TRY IT. The entries below hold a line with "Women's Croft &" and a line with "vidaXL Dressing Table". Return those lines and all that lie between them, exactly and only.

AVAILABLE RECORDS.

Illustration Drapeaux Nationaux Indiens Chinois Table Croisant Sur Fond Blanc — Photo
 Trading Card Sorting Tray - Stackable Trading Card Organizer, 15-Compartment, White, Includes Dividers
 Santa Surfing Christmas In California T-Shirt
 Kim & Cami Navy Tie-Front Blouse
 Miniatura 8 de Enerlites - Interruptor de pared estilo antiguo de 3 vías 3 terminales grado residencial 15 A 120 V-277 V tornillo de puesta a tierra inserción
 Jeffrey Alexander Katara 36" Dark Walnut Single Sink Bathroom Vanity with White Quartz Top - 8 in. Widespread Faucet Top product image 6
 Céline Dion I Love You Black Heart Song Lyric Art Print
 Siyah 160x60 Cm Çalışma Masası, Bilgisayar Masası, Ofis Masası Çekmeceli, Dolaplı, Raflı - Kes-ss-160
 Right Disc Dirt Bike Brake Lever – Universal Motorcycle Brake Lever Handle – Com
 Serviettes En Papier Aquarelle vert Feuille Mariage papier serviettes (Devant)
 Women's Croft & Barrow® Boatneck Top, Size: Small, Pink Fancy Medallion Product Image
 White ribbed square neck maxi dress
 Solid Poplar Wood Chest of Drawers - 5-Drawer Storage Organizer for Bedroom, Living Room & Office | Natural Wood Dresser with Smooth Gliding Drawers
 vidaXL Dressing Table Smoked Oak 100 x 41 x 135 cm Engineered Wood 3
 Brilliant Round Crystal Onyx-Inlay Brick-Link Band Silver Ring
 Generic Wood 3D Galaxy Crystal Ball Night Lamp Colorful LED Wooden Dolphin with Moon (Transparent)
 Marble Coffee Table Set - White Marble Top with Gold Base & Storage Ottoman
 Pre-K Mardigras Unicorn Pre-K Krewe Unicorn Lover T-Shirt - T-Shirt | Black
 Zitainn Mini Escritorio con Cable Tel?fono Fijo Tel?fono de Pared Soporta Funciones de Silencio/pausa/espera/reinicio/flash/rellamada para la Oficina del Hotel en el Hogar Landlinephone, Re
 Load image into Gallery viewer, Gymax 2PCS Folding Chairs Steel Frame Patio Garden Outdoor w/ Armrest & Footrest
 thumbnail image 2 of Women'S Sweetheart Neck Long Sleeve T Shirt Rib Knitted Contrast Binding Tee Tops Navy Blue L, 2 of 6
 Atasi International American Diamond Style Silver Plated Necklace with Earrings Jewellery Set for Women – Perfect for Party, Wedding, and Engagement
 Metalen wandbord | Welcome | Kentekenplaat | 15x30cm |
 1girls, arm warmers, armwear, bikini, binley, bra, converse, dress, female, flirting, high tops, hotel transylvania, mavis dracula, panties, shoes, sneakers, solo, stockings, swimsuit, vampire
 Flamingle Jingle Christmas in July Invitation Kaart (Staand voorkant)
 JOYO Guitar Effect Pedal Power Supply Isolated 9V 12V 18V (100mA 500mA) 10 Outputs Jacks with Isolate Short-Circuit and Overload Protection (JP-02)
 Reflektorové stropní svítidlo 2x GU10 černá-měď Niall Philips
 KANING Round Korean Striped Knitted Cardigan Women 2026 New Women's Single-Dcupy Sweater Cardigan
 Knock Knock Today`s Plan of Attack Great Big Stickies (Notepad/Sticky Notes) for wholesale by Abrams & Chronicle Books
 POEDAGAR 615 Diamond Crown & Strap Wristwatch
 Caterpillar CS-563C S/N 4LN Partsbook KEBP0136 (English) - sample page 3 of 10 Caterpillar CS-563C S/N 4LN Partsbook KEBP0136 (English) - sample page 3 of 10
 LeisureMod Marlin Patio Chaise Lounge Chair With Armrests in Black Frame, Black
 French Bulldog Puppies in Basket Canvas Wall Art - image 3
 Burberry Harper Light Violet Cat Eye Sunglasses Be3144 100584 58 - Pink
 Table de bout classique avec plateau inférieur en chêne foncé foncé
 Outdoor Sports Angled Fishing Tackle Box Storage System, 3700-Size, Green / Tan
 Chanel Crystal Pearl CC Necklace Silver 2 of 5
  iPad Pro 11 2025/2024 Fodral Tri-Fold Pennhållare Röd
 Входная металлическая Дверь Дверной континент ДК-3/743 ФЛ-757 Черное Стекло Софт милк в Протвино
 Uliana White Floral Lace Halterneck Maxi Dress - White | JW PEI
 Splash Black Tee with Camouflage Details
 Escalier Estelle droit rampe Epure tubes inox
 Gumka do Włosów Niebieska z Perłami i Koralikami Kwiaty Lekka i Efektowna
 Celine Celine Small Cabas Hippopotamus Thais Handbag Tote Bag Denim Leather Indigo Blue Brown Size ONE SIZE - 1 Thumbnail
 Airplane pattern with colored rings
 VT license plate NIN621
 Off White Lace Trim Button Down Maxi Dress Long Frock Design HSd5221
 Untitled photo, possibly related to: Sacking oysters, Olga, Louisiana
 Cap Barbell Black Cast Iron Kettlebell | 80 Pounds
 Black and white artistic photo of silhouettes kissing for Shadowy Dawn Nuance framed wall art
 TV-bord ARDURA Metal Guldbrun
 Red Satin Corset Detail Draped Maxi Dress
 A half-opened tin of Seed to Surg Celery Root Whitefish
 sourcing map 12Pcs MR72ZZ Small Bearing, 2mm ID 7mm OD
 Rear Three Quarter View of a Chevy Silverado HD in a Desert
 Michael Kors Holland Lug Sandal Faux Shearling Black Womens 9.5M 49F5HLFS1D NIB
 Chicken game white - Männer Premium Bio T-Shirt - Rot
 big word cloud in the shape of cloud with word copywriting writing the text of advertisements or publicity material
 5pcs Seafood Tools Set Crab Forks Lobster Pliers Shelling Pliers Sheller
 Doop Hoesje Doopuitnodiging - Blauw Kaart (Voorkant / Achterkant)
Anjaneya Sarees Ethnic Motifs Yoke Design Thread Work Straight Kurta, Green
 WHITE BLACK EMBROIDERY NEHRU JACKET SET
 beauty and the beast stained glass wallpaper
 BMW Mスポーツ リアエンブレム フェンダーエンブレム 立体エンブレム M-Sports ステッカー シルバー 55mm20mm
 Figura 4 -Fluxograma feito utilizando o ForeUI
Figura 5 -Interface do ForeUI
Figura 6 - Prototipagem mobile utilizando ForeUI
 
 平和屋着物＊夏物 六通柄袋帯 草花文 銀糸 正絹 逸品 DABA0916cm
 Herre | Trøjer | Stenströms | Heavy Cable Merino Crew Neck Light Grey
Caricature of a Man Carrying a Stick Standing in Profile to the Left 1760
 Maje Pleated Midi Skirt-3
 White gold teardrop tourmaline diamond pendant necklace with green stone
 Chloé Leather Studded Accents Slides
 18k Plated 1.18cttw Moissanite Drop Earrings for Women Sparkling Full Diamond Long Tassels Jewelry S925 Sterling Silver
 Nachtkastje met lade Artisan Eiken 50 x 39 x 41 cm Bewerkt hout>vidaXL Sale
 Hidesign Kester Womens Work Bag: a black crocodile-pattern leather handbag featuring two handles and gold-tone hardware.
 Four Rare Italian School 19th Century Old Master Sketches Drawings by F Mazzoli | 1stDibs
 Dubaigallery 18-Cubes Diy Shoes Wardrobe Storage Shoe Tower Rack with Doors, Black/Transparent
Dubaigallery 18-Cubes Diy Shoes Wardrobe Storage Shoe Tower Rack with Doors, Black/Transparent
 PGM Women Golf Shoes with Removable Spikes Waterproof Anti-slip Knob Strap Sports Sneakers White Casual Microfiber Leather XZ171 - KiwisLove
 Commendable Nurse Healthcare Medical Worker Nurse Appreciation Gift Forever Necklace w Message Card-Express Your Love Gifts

ANSWER TO THIS PROBLEM.
 Women's Croft & Barrow® Boatneck Top, Size: Small, Pink Fancy Medallion Product Image
 White ribbed square neck maxi dress
 Solid Poplar Wood Chest of Drawers - 5-Drawer Storage Organizer for Bedroom, Living Room & Office | Natural Wood Dresser with Smooth Gliding Drawers
 vidaXL Dressing Table Smoked Oak 100 x 41 x 135 cm Engineered Wood 3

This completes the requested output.